Microsegmentation
Computerworld - The more you know about a customer - age, gender, what he owns, what he spends and what his preferences are - the more likely it is that you can create and pitch a product or service that will hit a bull's-eye. Identifying and interacting with your customers in ever-smaller groups is a tantalizing prospect - and now easier and more cost effective than ever, thanks to the Web and other technological advances that gather, store and sort customer data.
"In the earlier days of market segmentation, some sociodemographic information was known, but it wasn't actionable.
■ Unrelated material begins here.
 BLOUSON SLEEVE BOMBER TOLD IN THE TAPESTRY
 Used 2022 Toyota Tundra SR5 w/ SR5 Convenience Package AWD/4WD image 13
Now, it's radically refined into thousands of segments, and it tells you things about class culture, how they behave with their wallets and how to reach them," says Mike Riley, a vice president at Mercer Management Consulting Inc. in New York.
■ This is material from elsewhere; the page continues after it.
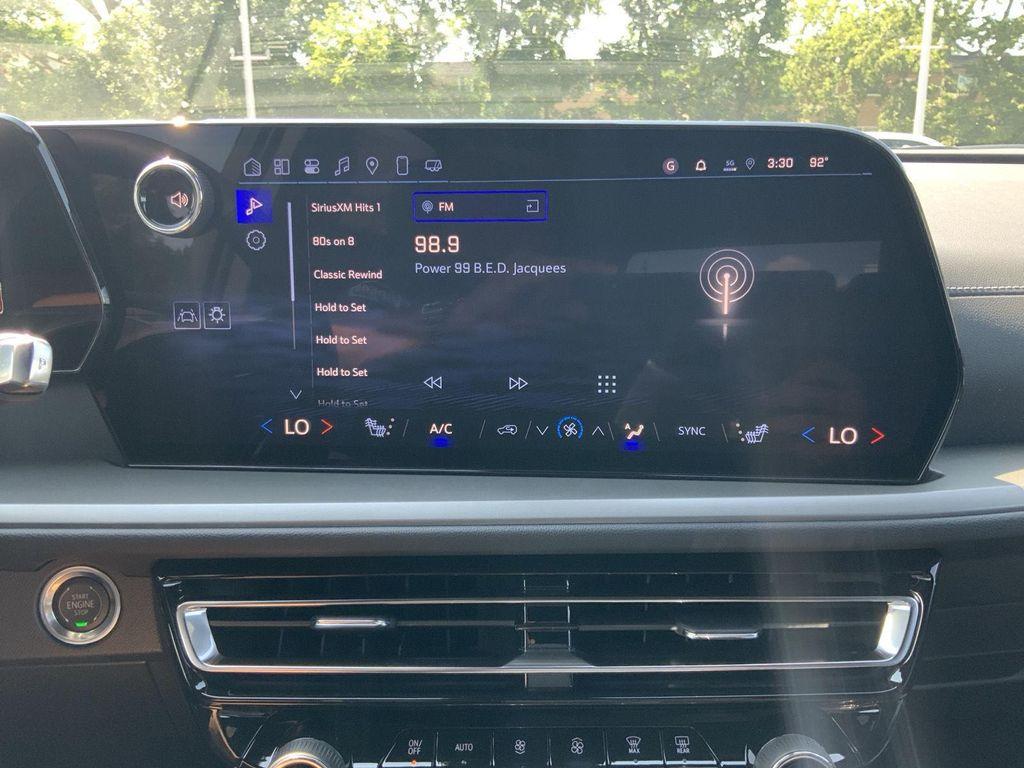 new 2025 Chevrolet Traverse car, priced at $48,670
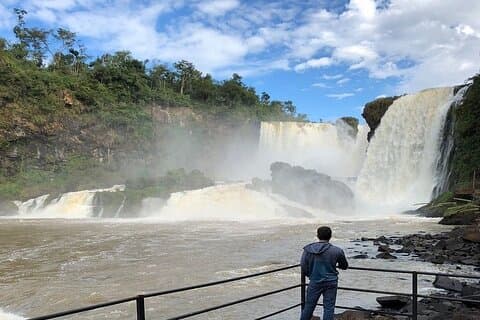 Visite Monday Falls no Paraguai (de Iguaçu)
For example, among credit card issuers, Capital One Financial Corp. is a leader in applying information-based marketing that is based on hundreds of variables to identify thousands of customer segments and devise offers tailored to these segments in terms of interest rates, credit limits and interest-free periods, says Riley.
The Falls Church, Va.-based company then tests and evaluates the results, a strategy that has paid off in helping Capital One grab market share from bigger credit card issuers, says Mercer Vice President Nick Winter. While many firms gather data, most don't take time to study the results in detail and make cross-comparisons, he says.
By contrast, Citibank in New York uses traditional "push" segmentation (separating customers by demographic criteria, such as high income), while MBNA Corp. in Wilmington, Del., uses affinity segmentation (segmenting by common interest groups like professional associations and sports teams), a Mercer case study notes. NextCard Inc. in San Francisco uses self-segmentation, allowing customers to configure their own credit cards' terms.
'Data Nazis'
One of the challenges organizations face in fine-tuning marketing campaigns is that the relationship between a company's IT staffers, who mine the raw data, and the marketing folks, who need it to make informed decisions, is often contentious, experts say.
In some instances where there's a particularly deep rift between these two groups, IT staffers are even regarded by their business counterparts as "data Nazis," says Riley.
"Business unit [staffers] say IT tries to control the process in a way that is unproductive," says Riley. "Instead of 'thou shalt do,' business units want IT to provide a set of standards and analytic tools as a foundation to rely on."
Tom Connellan, a partner at Performance Research Associates Inc., an Orlando-based marketing consultant and co-author of e-Service: 24 Ways to Keep Your Customers When the Competition Is a Click Away (Amacom Books, 2001), says, "The key role for IT staff is looking all the way down the value stream to see who the end customer is out there and how can I work with my internal partners to create value for that customer at the end of the value stream? For some, this is a real mind-shift, because IT is technology-centric, not customer-centric."